Hello,
I am using raw paired-end RNA-seq Fastq files from a public database for gene expression quantification. After aligning the sequences using STAR, I noticed a couple of issues with the generated BAM file:
The BAM file is very small, only about 20 MB (too small for humans). The quality sequences in the BAM file are all displayed as "?". When I proceed to quantify gene expression using RSEM, the vast majority of genes have an expression level of zero, with only a few hundred genes showing non-zero expression.

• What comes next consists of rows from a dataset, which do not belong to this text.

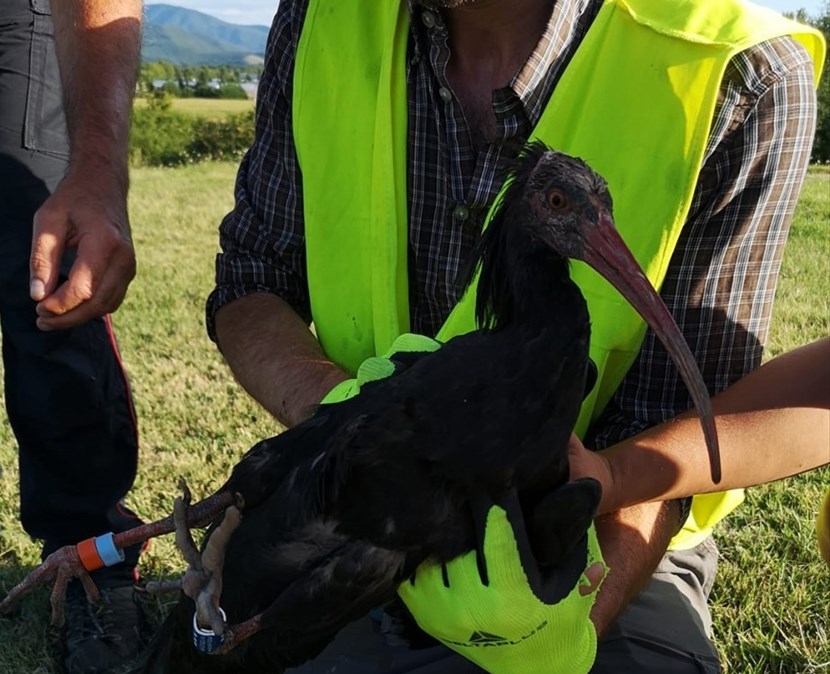 L'ibis eremita soccorso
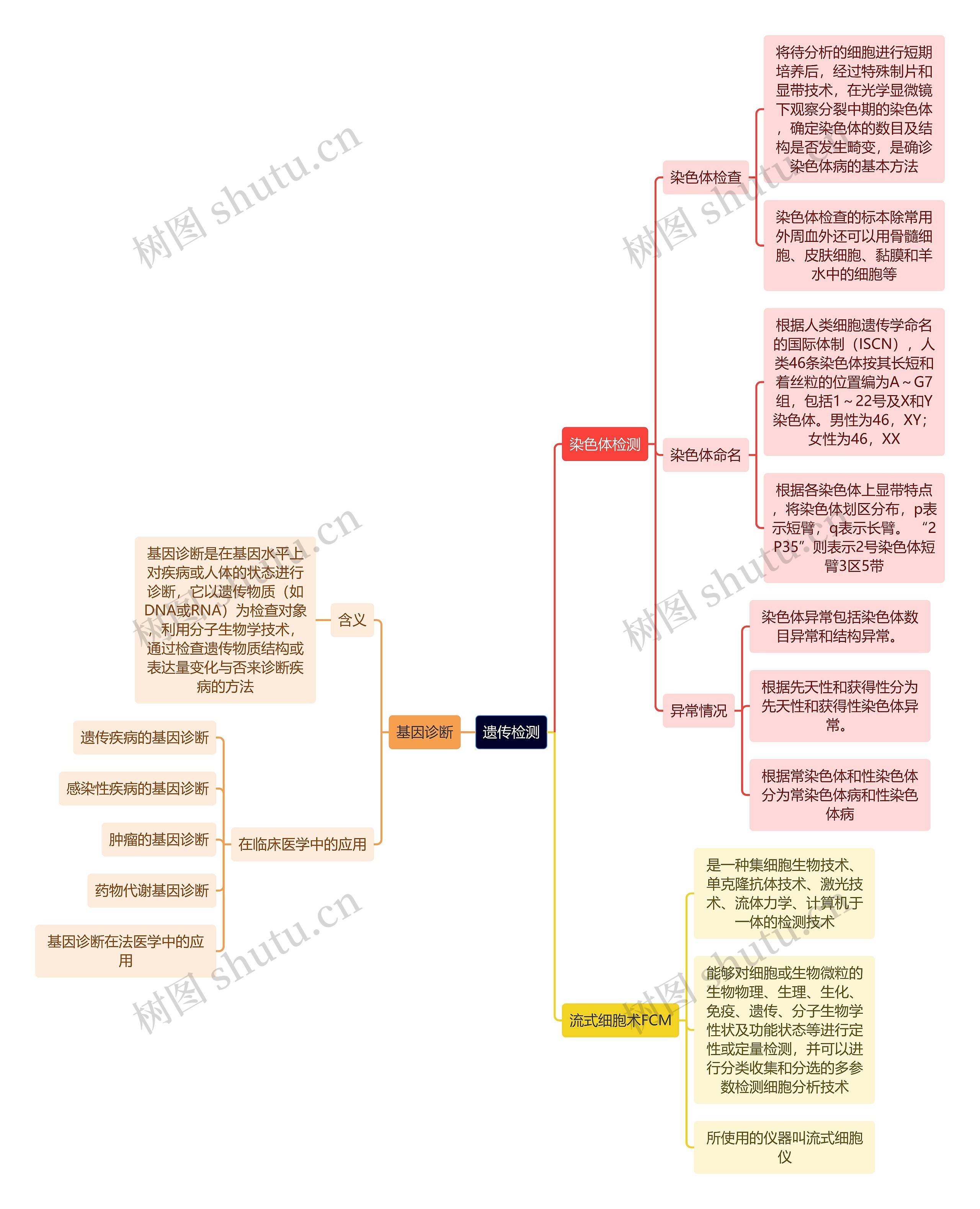 医学知识遗传检测思维导图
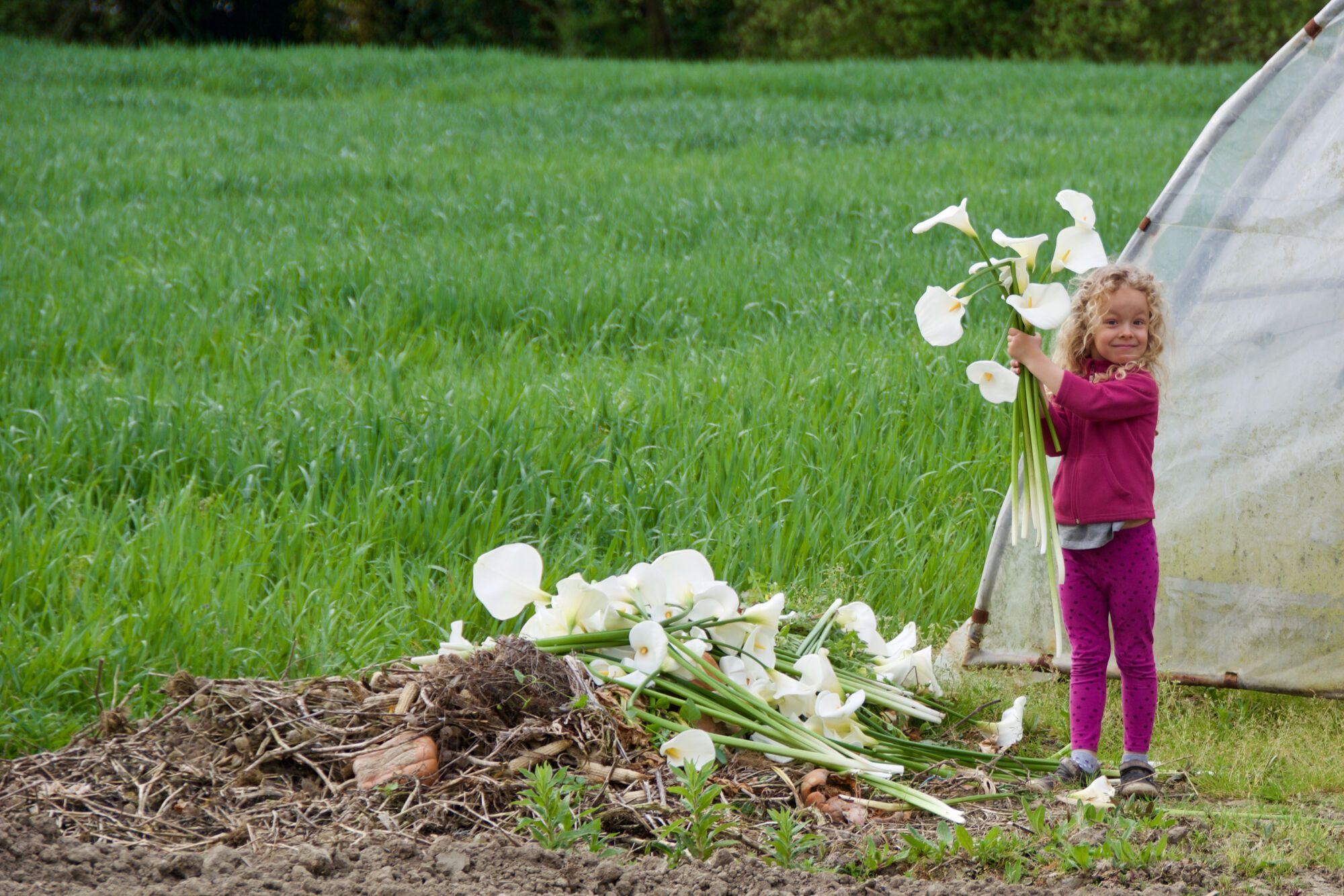 Arums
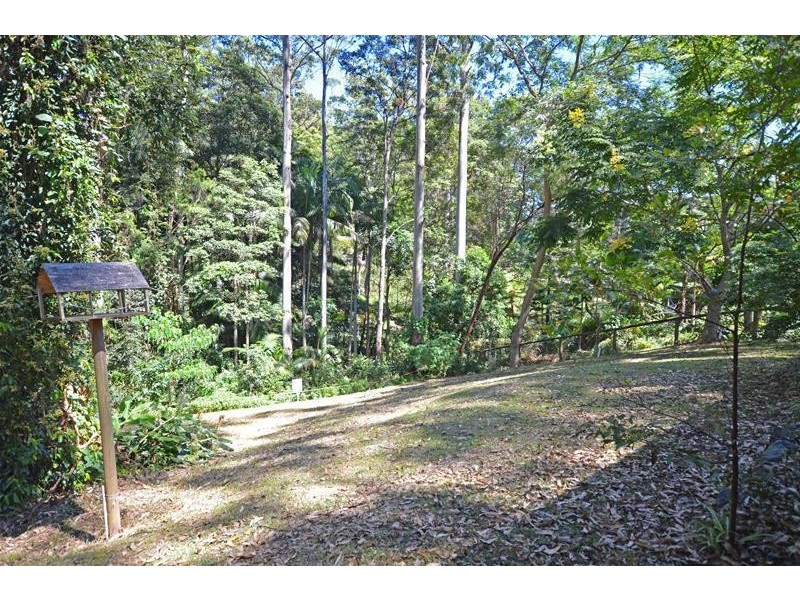 38 Kinabalu Drive, Tamborine Mountain QLD 4272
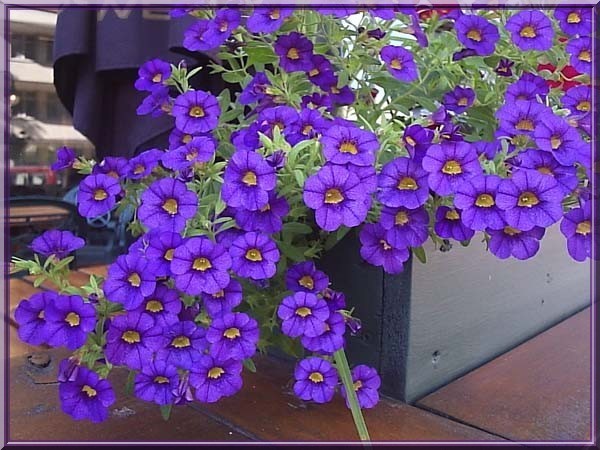 flowerbox of blue
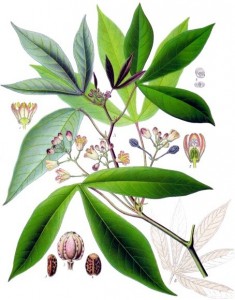 illustration of cassava plant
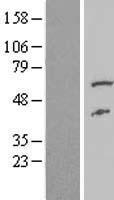 FAAH2 Human Over-expression Lysates NM_174912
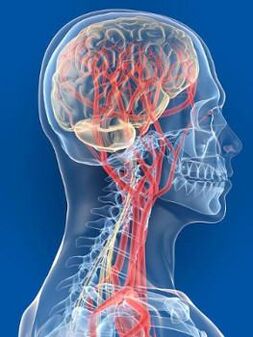 Une altération de l'apport sanguin au cerveau est une autre cause d'hypertension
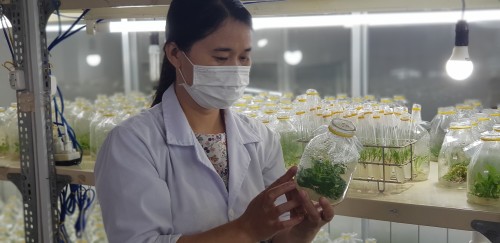Khoa Công nghệ sinh học nghiên cứu nuôi cấy mô và thương mại hóa thành công hoa Dạ Yến Thảo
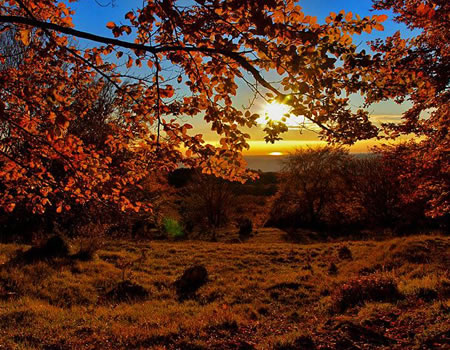 4: Explore nature park Ucka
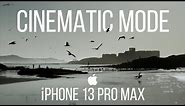iPhone 13 Pro Max Cinematic Mode Tutorial | iPhone filmmaking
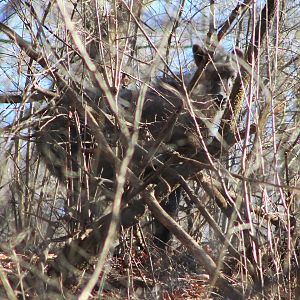 Japanese Serow (Capricornis crispus)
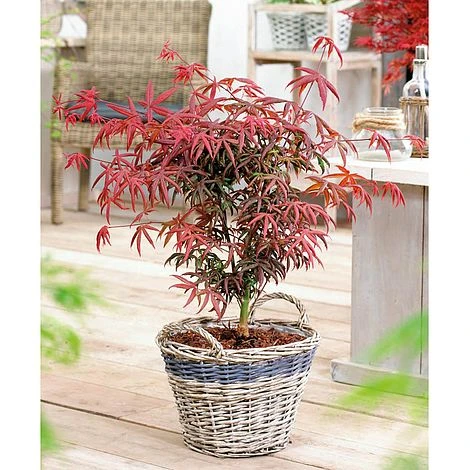 Acer Palmatum 'Starfish' 4 Acer Palmatum 'Starfish' - Image 2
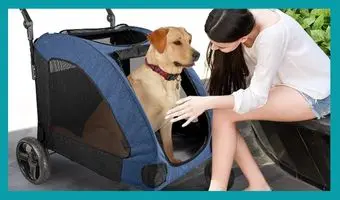 Carrito para perros Grandes Wooce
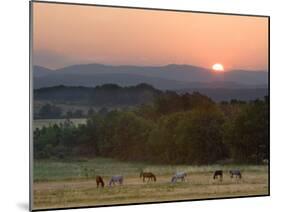 Horses Graze at Sunrise, Provence, France-Jim Zuckerman-Mounted Photographic Print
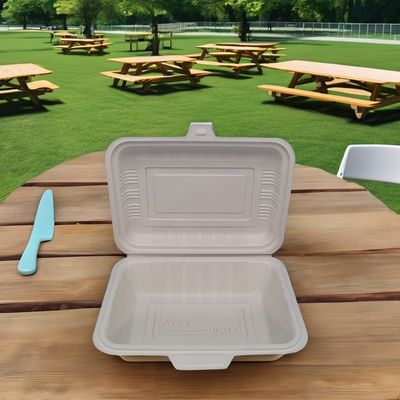 Commerciële koper keuze wegwerpbare vierkante plastic lunchdozen met magnetron veilig deksels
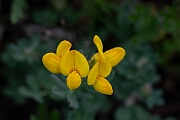 David Plant Photography - Wildlife Photography - Birdsfoot trefoil - E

Here is the workflow I followed:
Pre-processing the data with trim_galore.
Aligning the sequences using STAR. The code used is as follows:
STAR --runThreadN 5 --genomeDir STAR_genome \
--readFilesCommand zcat \
--readFilesIn clean_data/Sample1_1_val_1.fq.gz \
clean_data/Sample1_2_val_2.fq.gz \
--outFileNamePrefix align_out/sample1_ \
--outSAMtype BAM SortedByCoordinate \
--outBAMsortingThreadN 5 \
--quantMode TranscriptomeSAM GeneCounts
Quantifying gene expression with RSEM.
My questions are:
Why is the BAM file so small, and why are the quality sequences displayed as "?"? How can I resolve these issues to ensure accurate gene expression quantification?
Thank you very much for your help!
Run fastqc on the fastq files.
I have run fastqc on the Fastq file and the results show no big problem, as shown in the picture below.
You could possibly also check if the output log of STAR might have mentioned anything of note?
Thanks, I checked the "ReadsPerGene.out.tab" file and found that the majority of reads were classified as "unmapped". Is this because my reference genome was used incorrectly?
That is a possibility. If this is public/published data you can try to get the reference the paper used and see if that improves things.
OK, I will try it, thank you very much!!